Unnamed: 0,SEC ID,2011Q1,2011Q2,2011Q3,2011Q4,2012Q1,2012Q2,2012Q3,2012Q4,2013Q1,...,2015Q1,2015Q2,2015Q3,2015Q4,2016Q1,2016Q2,2016Q3,2016Q4,2017Q1,2017Q2
0,1003130,,75578000.0,69126000.0,66433000.0,69707000.0,60158000.0,52906000.0,48968000.0,50060000.0,...,,,,,,,,,,
1,1133116,,35.0,220.0,75013.0,21749.0,47437.0,38114.0,38144.0,31711.0,...,18409.0,,,,,,,,,
2,912513,3826500000.0,3857000000.0,3630700000.0,3536700000.0,3715900000.0,3858400000.0,3955900000.0,3922100000.0,3961200000.0,...,2722700000.0,2776400000.0,2808100000.0,,,,,,,
3,1101026,,,366051.0,463494.0,417429.0,,,234004.0,221235.0,...,183030.0,119244.0,101796.0,72680.0,349598.0,90846.0,749910.0,737292.0,1238745.0,
4,23197,998563000.0,937509000.0,853373000.0,,765400000.0,719778000.0,705594000.0,,684747000.0,...,471487000.0,473795000.0,459042000.0,,462170000.0,921196000.0,903452000.0,,883508000.0,863758000.0


### Method:

This problem is a regression problem.

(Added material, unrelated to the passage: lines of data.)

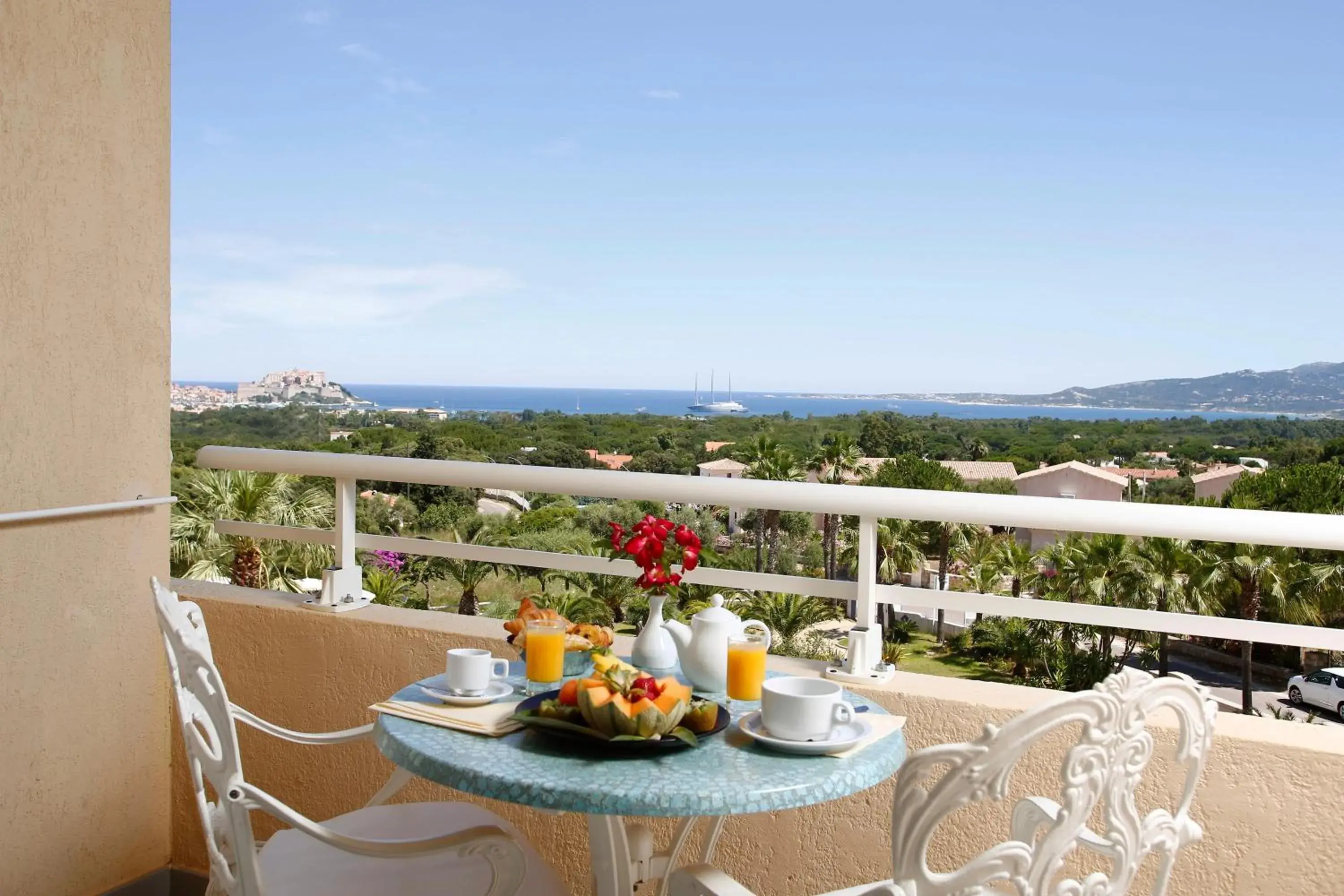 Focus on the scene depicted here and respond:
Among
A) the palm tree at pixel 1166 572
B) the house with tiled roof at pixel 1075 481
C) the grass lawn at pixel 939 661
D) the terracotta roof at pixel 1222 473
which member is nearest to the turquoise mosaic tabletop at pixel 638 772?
the house with tiled roof at pixel 1075 481

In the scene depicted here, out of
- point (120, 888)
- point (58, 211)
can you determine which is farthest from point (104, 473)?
point (120, 888)

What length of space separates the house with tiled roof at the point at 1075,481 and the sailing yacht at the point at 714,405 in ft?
41.0

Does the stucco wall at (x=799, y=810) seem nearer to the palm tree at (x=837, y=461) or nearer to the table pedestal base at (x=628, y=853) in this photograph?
the table pedestal base at (x=628, y=853)

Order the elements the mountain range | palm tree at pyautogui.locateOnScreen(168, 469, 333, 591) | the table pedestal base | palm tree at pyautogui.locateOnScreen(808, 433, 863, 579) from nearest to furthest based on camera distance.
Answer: the table pedestal base < palm tree at pyautogui.locateOnScreen(168, 469, 333, 591) < palm tree at pyautogui.locateOnScreen(808, 433, 863, 579) < the mountain range

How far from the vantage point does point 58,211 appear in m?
2.01

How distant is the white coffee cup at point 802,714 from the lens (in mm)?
1299

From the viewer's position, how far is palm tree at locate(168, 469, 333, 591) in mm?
15305

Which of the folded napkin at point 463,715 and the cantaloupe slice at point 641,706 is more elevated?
the cantaloupe slice at point 641,706

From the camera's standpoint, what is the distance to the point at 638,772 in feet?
4.02

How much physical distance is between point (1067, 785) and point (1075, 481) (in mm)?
26642

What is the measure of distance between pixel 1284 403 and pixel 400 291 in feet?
109

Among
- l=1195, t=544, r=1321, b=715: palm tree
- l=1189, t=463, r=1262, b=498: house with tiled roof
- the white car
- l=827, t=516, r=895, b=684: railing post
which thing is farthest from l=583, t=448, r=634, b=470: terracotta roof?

Given the information about the changes to a company's stock performance in the past, and the information about their finances and performance, we hope to estimate the future performance of the company. We will try to create associations between the numbers in the company's finances, along the changes in these numbers over time, with the changes in the stock's price.

We will use these associations to predict the future of the company's stock price given these association and any current/new data. If we get new earnings calls or other financial reports, we hope to be able to predict how this will change their stock price.